We usually do not need to conduct all of these experiments because theory tells us what form this distribution of effect estimates takes! We refer to this distribution as the SAMPLING DISTRIBUTION. When the form of the sampling distribution is not obvious, we may use resampling techniques to estimate standard errors. The EM algorithm, however, attempts to obtain maximum likelihood estimates (MLEs) which have theoretical sampling distributions. For well-behaved densities, MLEs can be shown to be asymptotically normally distributed and unbiased with a variance-covariance matrix equal to the inverse of the Fisher Information matrix, i.e., a function of the second derivatives of the log-likelihood or equivalently, the square of the first derivatives…

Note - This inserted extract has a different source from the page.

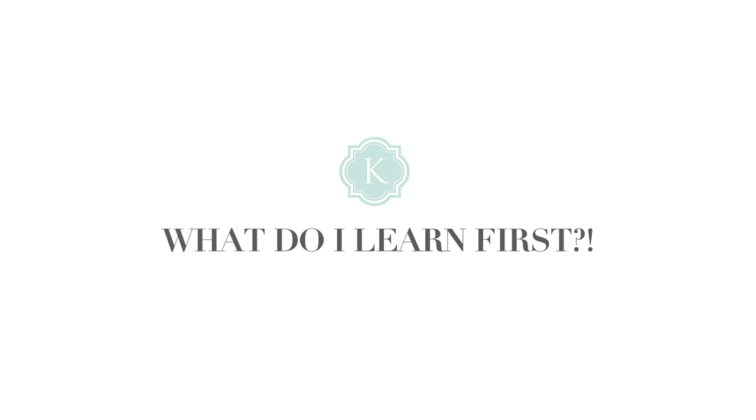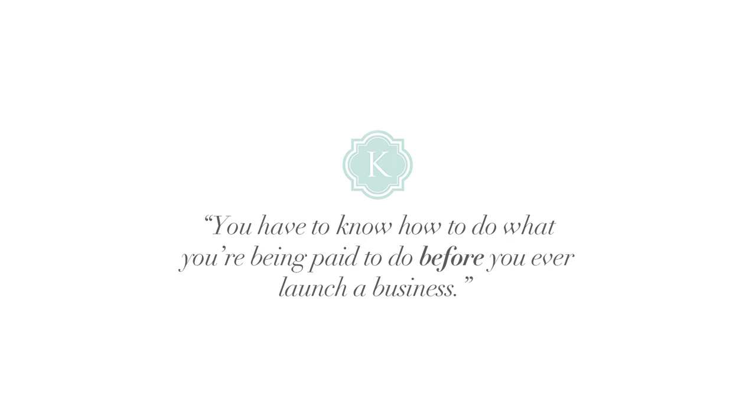I am so excited about this episode because we get so many questions from beginner photographers saying, what do I learn first? What do I focus on first? I do think that every professional photographer, when you start your business, you need to start your business and be legally legit. You need contracts, a professional website, and you need to know how to start a business with your state in a professional way, but that is putting the cart before the horse. In my opinion, you have to know how to do what you're being paid to do before you ever launch a business.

The tricky bit with the EM algorithm is we don’t maximize the observed log-likelihood directly to estimate Gaussian mixture parameters. Instead, we maximize a more convenient objective function. People much smarter than I have figured out this can give you the same answer. A question remains: if standard errors are estimated using the second derivative of the log-likelihood, but we used the objective function, how do we properly quantify uncertainty? Particularly as the derivatives of the log-likelihood are not straight-forward, for the same reasons that make optimization difficult.

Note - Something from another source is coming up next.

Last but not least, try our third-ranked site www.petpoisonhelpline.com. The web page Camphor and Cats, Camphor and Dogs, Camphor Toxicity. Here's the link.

Isaac Meilijson, another person smarter than me, provides us with a wealth of guidance in his 1989 paper titled A Fast Improvement to the EM Algorithm on its Own Terms (I love this title). In this blog post, we summarize and demonstrate how to construct simple estimators of the observed information matrix, and subsequently the standard errors of our EM estimates, when we have independent and identically distributed responses arising from a two-component Gaussian mixture model. Essentially, due to some nice properties, we can simply use the derivatives of our objective function, in lieu of our log-likelihood, to estimate the observed information. Standard errors computed using the observed information are then compared to those obtained using numerical differentiation of the observed log-likelihood.

Review

Fisher information

Consider N random variables \pmb{Y} = (Y_1, ..., Y_N)^{T} which are independent and identically distributed (i.i.d.) according to some density f(y; \pmb{\theta}) with p parameters, \pmb{\theta} = (\theta_1, ..., \theta_p)^{T}. Let \pmb{y} = (y_1, ..., y_N)^{T} represent the observed values or realization of Y.

We wish to estimate \pmb{\theta} using maximum likelihood estimation. Because the y_i are i.i.d., the likelihood (equal to the joint density of \pmb{y}) is defined as,

    \[L(\pmb{\theta} \mid \pmb{y}) = \prod_{i=1}^{N} f(y_i; \pmb{\theta}).\]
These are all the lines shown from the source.